All of that controversy aside, "Mesopotamia" certainly was a departure for the B-52's. Rather than the guys vs. girls vocals on their first two albums "Mesopotamia" turned into gender separation of vocals, aside from "Throw That Beat in the Garbage Can". Fred Schneider certainly does get short shrift here as that's one of only two tracks with his vocals, the other being the title track. Cindy Wilson gets two solo tracks ("Loveland" and "Nip it in the Bud") with Kate Pierson getting one solo ("Deep Sleep") and the two harmonize together on the delightful "Cake". Overall "Mesopotamia" is swathed in a moody, dreamy, dark, atmospheric, multi-instrumental swirl largely of Byrne's creation, much like he would later do with Fun Boy Three's Waiting. Ricky Wilson's surf rock inspired guitar work punctuates throughout but is often mixed in with synthesizers and synth bass in a most curious fashion. Rather than the stripped down feel of the first two albums Byrne adds multiple additional musicians and instruments to augment the band and punch up the rhythm. The result is much more obviously danceable tracks that almost approach the polyrhythmic intensity of the Talking Heads Remain In Light and Speaking in Tongues. The opening track "Loveland" is a beautiful Cindy Wilson powered track that perhaps best showcases how well Byrne's influences work here. The chugging rhythm propels things along punctuated by Ricky's wonderful guitar work, building to a crescendo with Cindy's vocals going into the stratosphere. The dark brooding almost wordless cooing of "Deep Sleep" shows the almost otherworldly influence of Byrne, sounding almost like a lost Talking Heads track. The hilarious give and take between Fred and Kate on "Mesopotamia" summons up flashbacks of past B-52's classics and were it not for the Byrne influenced synths it wouldn't be out of place on the first two albums. "Cake" is hands down my favorite track with the perfect call and response vocals between Cindy and Kate with their wickedly delicious double-entendres. Again, minus the Byrne backing this could easily have been on the first two albums. "Throw That Beat in the Garbage Can" has some truly hilarious lines delivered by Fred with his usual panache. Closing things out is the raucous "Nip it in the Bud", all of which leaves the listener longing for more.

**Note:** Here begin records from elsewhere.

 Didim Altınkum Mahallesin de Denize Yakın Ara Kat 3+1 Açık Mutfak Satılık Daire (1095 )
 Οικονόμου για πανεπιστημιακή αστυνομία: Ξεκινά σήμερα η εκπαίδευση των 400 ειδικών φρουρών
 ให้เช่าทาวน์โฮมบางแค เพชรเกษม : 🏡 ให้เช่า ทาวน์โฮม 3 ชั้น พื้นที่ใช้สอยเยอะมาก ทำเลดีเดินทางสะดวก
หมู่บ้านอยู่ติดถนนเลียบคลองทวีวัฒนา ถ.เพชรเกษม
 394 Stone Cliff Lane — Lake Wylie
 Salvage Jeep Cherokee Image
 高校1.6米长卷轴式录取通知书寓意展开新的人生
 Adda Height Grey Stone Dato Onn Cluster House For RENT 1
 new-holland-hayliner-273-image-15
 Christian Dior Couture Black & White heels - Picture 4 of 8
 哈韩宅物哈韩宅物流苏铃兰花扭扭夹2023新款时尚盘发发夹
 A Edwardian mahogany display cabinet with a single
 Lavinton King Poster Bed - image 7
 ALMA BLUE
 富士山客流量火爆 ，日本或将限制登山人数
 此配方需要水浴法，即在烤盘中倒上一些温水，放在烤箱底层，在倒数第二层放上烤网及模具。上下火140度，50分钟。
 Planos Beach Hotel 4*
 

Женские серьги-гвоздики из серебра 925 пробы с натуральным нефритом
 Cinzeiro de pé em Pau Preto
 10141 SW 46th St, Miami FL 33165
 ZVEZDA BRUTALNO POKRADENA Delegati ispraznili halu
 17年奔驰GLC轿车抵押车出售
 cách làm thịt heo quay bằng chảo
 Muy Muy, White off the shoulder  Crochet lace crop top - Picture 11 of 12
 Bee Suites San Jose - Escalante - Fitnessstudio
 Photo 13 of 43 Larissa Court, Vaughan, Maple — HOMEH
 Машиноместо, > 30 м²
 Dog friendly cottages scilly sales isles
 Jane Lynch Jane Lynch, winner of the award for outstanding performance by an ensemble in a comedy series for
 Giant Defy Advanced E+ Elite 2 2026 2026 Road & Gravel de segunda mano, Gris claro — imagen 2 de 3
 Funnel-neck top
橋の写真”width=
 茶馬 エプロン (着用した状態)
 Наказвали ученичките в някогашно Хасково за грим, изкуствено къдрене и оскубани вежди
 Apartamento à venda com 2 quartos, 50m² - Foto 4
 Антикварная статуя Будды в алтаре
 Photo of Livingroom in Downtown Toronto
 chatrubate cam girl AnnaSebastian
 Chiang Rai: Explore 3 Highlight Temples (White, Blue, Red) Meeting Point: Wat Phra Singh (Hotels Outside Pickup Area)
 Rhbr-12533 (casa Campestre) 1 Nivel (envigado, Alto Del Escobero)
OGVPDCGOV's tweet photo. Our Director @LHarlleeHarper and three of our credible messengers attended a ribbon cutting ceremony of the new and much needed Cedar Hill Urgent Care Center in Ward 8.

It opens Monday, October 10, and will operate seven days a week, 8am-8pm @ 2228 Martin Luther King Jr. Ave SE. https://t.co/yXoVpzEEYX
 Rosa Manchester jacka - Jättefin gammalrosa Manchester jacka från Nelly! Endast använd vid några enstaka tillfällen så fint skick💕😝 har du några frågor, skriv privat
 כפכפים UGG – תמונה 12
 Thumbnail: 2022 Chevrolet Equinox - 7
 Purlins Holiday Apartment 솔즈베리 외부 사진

It turns out there was more, but it's only recently seen the light of day. Much like the first two albums the band wrote a large amount of material, except in this case they intended it for Mesopotamia but wound up using rejected tracks on their next album Whammy. The "Mesopotamia" version of "Queen of Las Vegas" turned up on Nude On The Moon: The B-52's Anthology pointing towards how the band truly could have come up with a full album. On their Meso-American tour in 1982 the band also played "Big Bird" which subsequently was recorded for Whammy and a version of "Butterbean" was also apparently cut but likewise has never been released. More than likely the band felt these three songs weren't quite ready or complete and perhaps that's what stalled the recording at the time. Needless to say "Mesopotamia" was something of a dividing point for B-52's fans with some hating it and some loving it. I fall firmly in the latter. Seeing them for the first time on the Meso-American tour I immediately knew I was in the presence of kindred spirits, and their versions of songs from "Mesopotamia" were quite faithful. It's a shame that in later years they've rarely played tracks from this EP as they're truly delightful and undoubtedly part of the B-52's canon. I can only hope that one day we'll hear the full length version of "Mesopotamia" in some form or fashion. For now hardcore fans have to cobble together what they can from what leaked out and create their own theories. "Mesopotamia" was the beginning of a wanderlust journey for the band as they latched onto and rejected various musical styles. The intense Byrne influenced stylings here would give way to the Spartan New Wave Steve Stanley produced Whammy, another departure in style for the band; certainly not their first and certainly not their last!